As far as wood vs charcoal, some use sticks, some use charcoal and some use both. Personally, I like lump charcoal and sticks. I pour a chimney of unlit coals in the firebox, then a chimney of lit coals on top of that. That's my base, then I add sticks to keep it going.

I am curious about your Cactus Jack smoker... don't think I've ever seen one. If you get a chance, post us a pic of it. 

Take care and have fun!


----------



## bestee (Jun 26, 2007)

how do I attach an image? It was bought over here in Europe and I think its called an Oklahoma Joe over in the states...btw outstanding advice on the coals!! I wouldnt have though that, thank you.


----------



## desert smokin (Jun 26, 2007)

Welcome to the forums. Glad to have a European influence. You can ask a million questions here and get an answer or two for each one. Great place to improve your skills. By the way, in what part of Switzerland do you reside.


----------



## hawgheaven (Jun 26, 2007)

Click the Post Reply button, scroll toward the bottom of your post and click the Manage Attachments button. A window will pop up, then click Browse. Browse to where you pictrure resides on your computer, then double click it. Click the upload button. When it uploads, close that window and click the Submit Reply button in your post window.

Glad I could help!


----------



## gypsyseagod (Jun 26, 2007)

welcome to smf. for pics i just paste the link to my photobucket site,the pics come out much larger than the thumbs i get on here. as far as wood ,i use briquettes and chunks or sticks. i just add a few briquettes or a stick when the temp starts dropping or i see the fire getting low.


----------



## keywesmoke (Jun 26, 2007)

welcome! aren't we getting GLOBAL!!! This is great! Here I was thinkin' this was a bunch of good ol' boys burning stuff........


----------



## devolutionist (Jun 26, 2007)

Let us know if you run across any Swiss-styles rubs... BBQ rubs that is!

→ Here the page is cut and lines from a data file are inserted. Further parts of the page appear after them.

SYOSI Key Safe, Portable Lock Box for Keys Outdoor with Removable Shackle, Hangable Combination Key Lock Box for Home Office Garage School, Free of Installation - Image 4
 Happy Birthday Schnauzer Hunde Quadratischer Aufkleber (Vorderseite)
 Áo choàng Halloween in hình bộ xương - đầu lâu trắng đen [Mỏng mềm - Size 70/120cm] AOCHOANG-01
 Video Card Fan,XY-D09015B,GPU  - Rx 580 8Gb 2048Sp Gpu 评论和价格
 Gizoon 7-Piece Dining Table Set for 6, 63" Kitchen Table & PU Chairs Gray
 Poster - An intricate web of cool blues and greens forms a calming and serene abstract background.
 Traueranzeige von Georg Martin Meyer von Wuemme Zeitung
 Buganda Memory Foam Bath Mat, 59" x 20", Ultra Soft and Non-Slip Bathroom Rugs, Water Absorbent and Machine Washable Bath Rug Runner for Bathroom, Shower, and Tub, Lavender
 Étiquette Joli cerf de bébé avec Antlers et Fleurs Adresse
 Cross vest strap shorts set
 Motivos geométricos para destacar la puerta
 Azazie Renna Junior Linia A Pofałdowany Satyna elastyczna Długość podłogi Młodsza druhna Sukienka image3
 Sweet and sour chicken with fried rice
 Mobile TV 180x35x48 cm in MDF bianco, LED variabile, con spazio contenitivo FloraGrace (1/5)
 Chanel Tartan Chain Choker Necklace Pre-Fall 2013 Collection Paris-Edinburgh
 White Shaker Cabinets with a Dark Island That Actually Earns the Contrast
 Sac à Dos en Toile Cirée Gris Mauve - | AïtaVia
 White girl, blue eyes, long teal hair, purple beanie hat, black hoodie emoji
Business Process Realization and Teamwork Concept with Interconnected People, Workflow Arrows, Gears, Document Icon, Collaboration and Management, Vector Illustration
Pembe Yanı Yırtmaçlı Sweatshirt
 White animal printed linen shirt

(lame attempt at a "swedish massage" joke... sorry that's all i got right now 
	

	
	
		
		



		
		
	


	





 )

Seriously though, if BBQ is any different (ie, spices, methods, etc) in Switzerland I'd be REALLY interested in knowing about it... start a new thread under "Smoking Meat" and "General Discussion" if there's anything to be said about it.

Welcome to the forums!


----------



## devolutionist (Jun 26, 2007)

BTW, here's a link I found on a Swiss site selling the Cactus Jack/Oklahoma Joe's smoker:

http://www.partyware.ch/produkte/cactus-jack.html

Very nice smokers!  Is one of these the one you got?

Also, I've always wanted to know how in the world "CH" ended up being the top level domain for Switzerland?


----------



## watery eyes (Jun 26, 2007)

I think this is the smoker that he has....







Looks like a real nice unit...... 
	

	
	
		
		



		
		
	


	





Glad to have you aboard and looking forward to seeing pictures of your *"Q"*....


----------



## ultramag (Jun 26, 2007)

Welcome to SMF Bestee!!! Glad to have you w/ us.


----------



## crownovercoke (Jun 26, 2007)

Welcome from Missouri.  If you have any questions about smoking, You will find the answer here.  I have been stuck in a corner many times before and these guys have always helped me out.

Well welcome again and smoke on!!!


----------



## hillbillysmoker (Jun 26, 2007)

Welcome to the forum.  I you can see already there is alot of great advice and help on the forum.  The best part is getting to know the friendly folks here.  I hope you enjoy your experience.


----------



## t-bone tim (Jun 26, 2007)

Welcome to SMF, Bestee ,and a big hello from Canada


----------



## wvsmokeman (Jun 26, 2007)

Welcome aboard the SMF!! Glad you found us!


----------



## smokincowboy (Jun 26, 2007)

welcome to the smf


----------



## cajun_1 (Jun 27, 2007)

Welcome to the SMF


----------



## deejaydebi (Jun 27, 2007)

Welcome Bestee-

Glad to have you aboard.


----------



## Deer Meat (Jun 27, 2007)

Welcome to smf bestee, from pennsylvania. you are in the wright place if you want to learn. lots of knowledge in these pages.


----------



## bestee (Jun 27, 2007)

I am in Zurich, the german speaking region...luckily lots of english here too!


----------



## bestee (Jun 27, 2007)

CH stands for Confederation Helvetia which was what the region which is currently Switzerland was called before it all united. the country is split into 3 and a half languages german (zurich) french (geneva) italian (lugano) amd romanch which is a wierd going extinct mountain langguage. CH has remain the country symbol ever since.


----------



## bestee (Jun 27, 2007)

THAT's THE ONE!  I am loving it so far!!!


----------



## msmith (Jun 27, 2007)

Welcome to the forum bestee.


----------



## db bbq (Jun 27, 2007)

Bestee
 Welcome to SMF, Hope to see some "Swiss BBQ" creations posted soon..Enjoy the smoke!!!


----------



## spartacus (Jun 27, 2007)

Welcome to SMF from Providence, RI! Looking forward to seeing pics of your "Q".


----------



## squeezy (Jun 27, 2007)

Welcome to SMF Bestee ... nice looking smoker you've got there!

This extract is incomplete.